Die Informationszentrale lässt keinen Wunsch offen. Mittig sitzt der analoge Drehzahlmesser, rechts davon ein großer digitaler Tacho. Links befindet sich ein Infopanel mit Gesamtkilometern, zwei Tripzählern, Wassertemperatur, Tankanzeige und Zeituhr. Alles ist deutlich und leicht ablesbar.

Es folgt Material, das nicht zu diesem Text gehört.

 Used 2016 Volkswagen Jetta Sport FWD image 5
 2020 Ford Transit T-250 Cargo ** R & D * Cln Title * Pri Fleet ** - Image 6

Die XX surrt vor sich hin. Kurze Gasstöße lassen einen ganzen Stall voller bewegungssüchtiger Rennpferde vermuten. Gewaltig schon das bei Standgas vorhandene Anfahrdrehmoment. Ich brauche kaum Gas geben, um die Maschine auf Tempo zu bringen. Schnell in den sechsten Gang geschaltet und dann mitschwimmen auf der B 2. Bei Treuchtlingen biege ich ins Schambachtal ab. Es geht Richtung Suffersheim. Einige Links-Rechts-Kombinationen kann ich ohne runterschalten und abbremsen einfach durchwedeln, wobei ich die CBR leicht am Gas halte. Sie braucht lediglich etwas Zug am Lenker, um auf Linie gebracht zu werden.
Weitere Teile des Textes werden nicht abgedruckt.